Captain Barton was amused one day at the discovery that his precocious daughter, who always eagerly encored his tales of conquerors and leaders, thought of their greatness in images of quite literal and realistic bigness. A president must, for instance, be as large as a house, and a vice-president as spacious as a barn door at the very least. But these somewhat crude conceptions did not put a check on the epic recitals of the retired officer, who, in the intervals of active service in plowed fields or in pastures where his thoroughbreds grazed with their mettlesome colts, liked to live over the days when he served under "Mad Anthony" Wayne in the Revolutionary War, and had a share in the thrilling adventures of the Western frontier.
Clara was only five years old when Brother David taught her to ride. "Learning to ride is just learning a horse," said this daring youth, who was the "Buffalo Bill" of the surrounding country.
"How can I learn a horse, David?" quavered the child, as the high-spirited animals came whinnying to the pasture bars at her brother's call.
"Catch hold of his mane, Clara, and just feel the horse a part of yourself—the big half for the time being," said David, as he put her on the back of a colt that was broken only to bit and halter, and, easily springing on his favorite, held the reins of both in one hand, while he steadied the small sister with the other by seizing hold of one excited foot.
They went over the fields at a gallop that first day, and soon little Clara and her mount understood each other so well that her riding feats became almost as far-famed as those of her brother. The time came when her skill and confidence on horseback—her power to feel the animal she rode a part of herself and keep her place in any sort of saddle through night-long gallops—meant the saving of many lives.
David taught her many other practical things that helped to make her steady and self-reliant in the face of emergencies. She learned, for instance, to drive a nail straight, and to tie a knot that would hold. Eye and hand were trained to work together with quick decision that made for readiness and efficiency in dealing with a situation, whether it meant the packing of a box, or first-aid measures after an accident on the skating-pond.
She was always an outdoor child, with dogs, horses, and ducks for playfellows. The fuzzy ducklings were the best sort of dolls. Sometimes when wild ducks visited the pond and all her waddling favorites began to flap their wings excitedly, it seemed that her young heart felt, too, the call of large, free spaces.
"The only real fun is to do things," she used to say.
She rode after the cows, helped in the milking and churning, and followed her father about, dropping potatoes in their holes or helping weed the garden. Once, when the house was being painted, she begged to be allowed to assist in the work, even learning to grind the pigments and mix the colors. The family was at first amused and then amazed at the persistency of her application as day after day she donned her apron and fell to work.

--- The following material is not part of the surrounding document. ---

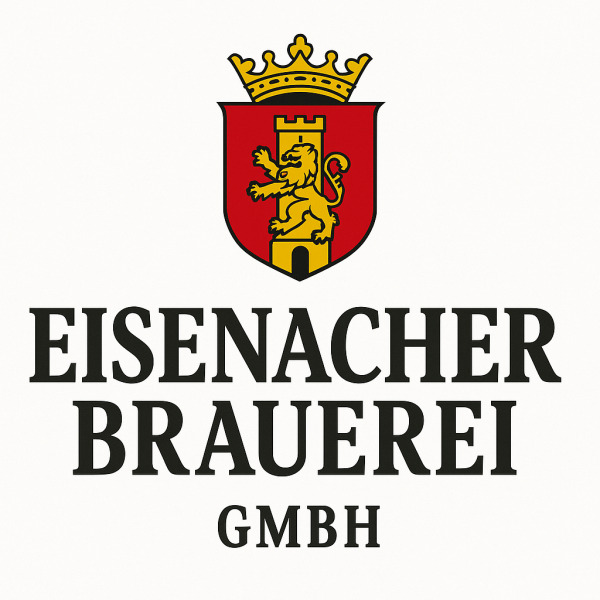 Eisenacher Brauerei GmbH logo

They were not less astonished when she wanted to learn the work of the weavers in her brothers' satinet mills. At first, her mother refused this extraordinary request; but Stephen, who understood the intensity of her craving to do things, took her part; and at the end of her first week at the flying shuttle Clara had the satisfaction of finding that her cloth was passed as first-quality goods. Her career as a weaver was of short duration, however, owing to a fire which destroyed the mills.